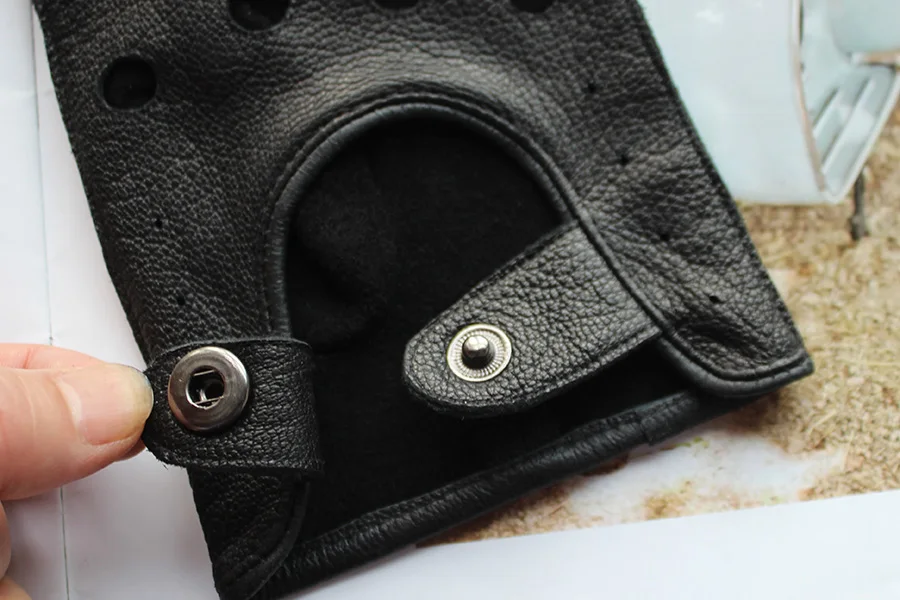 Car Driving Deerskin Leather Fingerless Gloves Men's Short Fashion Hollow Summer Sports Fitness Motorcycle Riding Half Finger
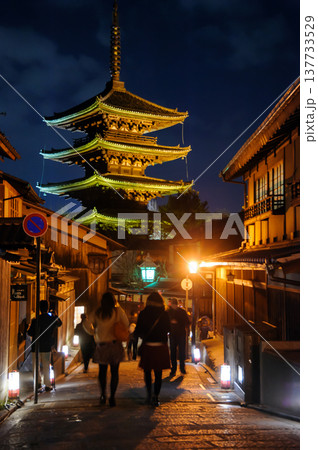 京都 八坂の塔 京都 八坂の塔 137733529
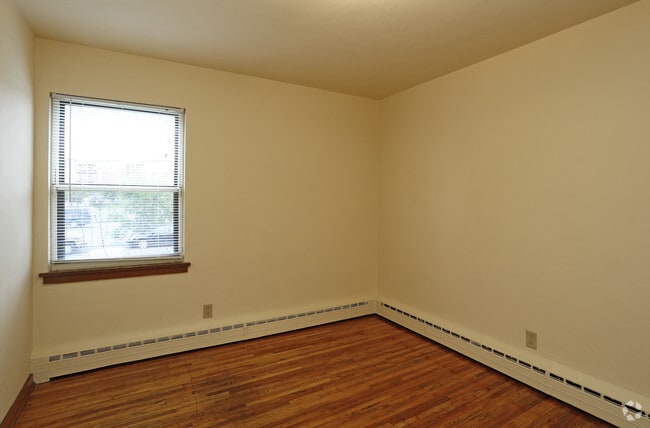 Photo - Sibley Manor Apartments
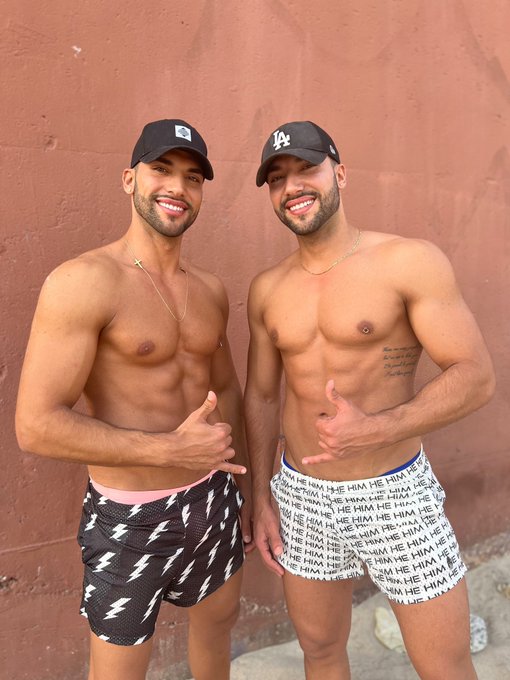 Say hello to your twins 🐻🐻 We can not wait for our holidays! Starting in Barcelona next week! Who is<a href="/tag/are"class="tags"><span>#are</span></a><a href="/tag/more"class="tags"><span>#more</span></a><a href="/tag/welcome"class="tags"><span>#welcome</span></a><a href="/tag/than"class="tags"><span>#than</span></a><a href="/tag/twinsfans"class="tags"><span>#twinsfans</span></a>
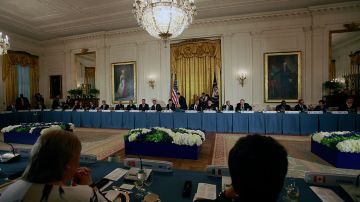 El Presidente de EEUU Barack Obama ofrece una cena de trabajo con los jefes de las delegaciones a la Cumbre de Seguridad Nuclear, en Washington, DC.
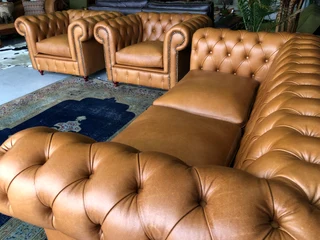 Brand new 3pc genuine leather CHESTERFIELD lounge suite (2 x LARGE ARMCHAIRS plus 1 x THREE SEATER)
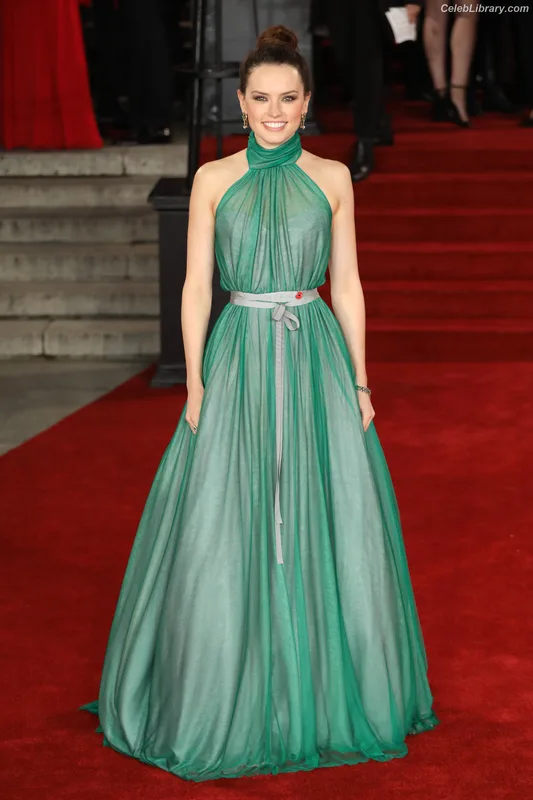 Daisy Ridley photo 24 of 1214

☆ ☆ ☆ ☆

Except for the pictures, set down all of the records exactly as they are.

=== Answer box ===
 Car Driving Deerskin Leather Fingerless Gloves Men's Short Fashion Hollow Summer Sports Fitness Motorcycle Riding Half Finger
 京都 八坂の塔 京都 八坂の塔 137733529
 Photo - Sibley Manor Apartments
 Say hello to your twins 🐻🐻 We can not wait for our holidays! Starting in Barcelona next week! Who is<a href="/tag/are"class="tags"><span>#are</span></a><a href="/tag/more"class="tags"><span>#more</span></a><a href="/tag/welcome"class="tags"><span>#welcome</span></a><a href="/tag/than"class="tags"><span>#than</span></a><a href="/tag/twinsfans"class="tags"><span>#twinsfans</span></a>
 El Presidente de EEUU Barack Obama ofrece una cena de trabajo con los jefes de las delegaciones a la Cumbre de Seguridad Nuclear, en Washington, DC.
 Brand new 3pc genuine leather CHESTERFIELD lounge suite (2 x LARGE ARMCHAIRS plus 1 x THREE SEATER)
 Daisy Ridley photo 24 of 1214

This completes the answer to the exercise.